UD is distributed with a mixed license where the license terms of individual treebanks vary. Most UD treebanks use a variant of a Creative Commons (CC) license. The main difference is that some treebanks use the NonCommercial (NC) version of the license, i.e., they cannot be used for commercial purposes. This is always the decision of the data providers: New treebank repositories are created with CC BY-SA 4.0 by default, but the data provider can change it to CC BY-NC-SA 4.0.
As a treebank contributor, you are responsible for giving it a suitable license. We will assume that you have the right to make the data available under this license in a UD release; do not upload data to a UD repository unless the data is copyright-free, or you hold the copyright, or you have obtained the permission to use and distribute the data from the copyright holder!
There are two places within each treebank repository where the license is indicated; if you change
one of them, you must make sure to change the other accordingly! First, there is a file named
LICENSE.txt. It normally contains only a reference to the website with the full text of the
license, although it is possible to also copy the text to the file. Second, the machine-readable
metadata section at the end of the README.md file contains a License: line, which must contain
the string identifying the license.
For historical reasons, some treebanks have older versions of CC licenses. It is also possible to have a less restrictive CC license (such as CC BY 4.0). Do not use a more restrictive license; specifically, avoid licenses with the NoDerivatives (ND) restriction. This is evil because it could be taken as freezing the data without a possibility to fix it if the UD guidelines or validation change; it is also questionable whether a parsing model can be trained on such data and then made available to users.
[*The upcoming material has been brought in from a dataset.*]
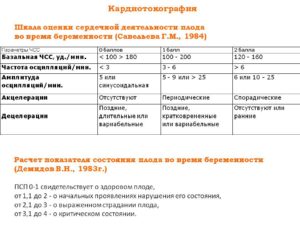 Ктг при беременности расшифровка 32 недели баллы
A few legacy treebanks have non-CC licenses, including the GNU GPL, which is designed for software code (rather than corpora) and should not be used in UD treebanks.
A limiting factor is often the underlying text, which may be copyrighted. Some treebanks (for example, the GSD treebanks of several languages) explicitly indicate that their license pertains to the annotations and the treebank authors do not claim any ownership over the underlying texts. This typically applies to sentences crawled from the web; in addition, the sentences are shuffled (or randomly sampled) so they do not form a coherent discourse (working under the assumption that a single sentence is unlikely to constitute a copyrightable work). While this technique may help avoid copyright infringement, it should be the last resort, as it makes the data useless for any linguistic research that looks beyond the sentence boundary. It is preferable to use text that can be reproduced as a whole (or, if shuffling is inevitable, at least shuffle blocks that contain several sentences).
In extreme cases, a few UD treebanks provide only the UD annotations without the words, which have to be obtained from another source (sometimes free of charge, sometimes not). This may sometimes make sense for corpora that already have broad user bases, but in general it makes the treebank a second-class citizen, which most UD users will just ignore.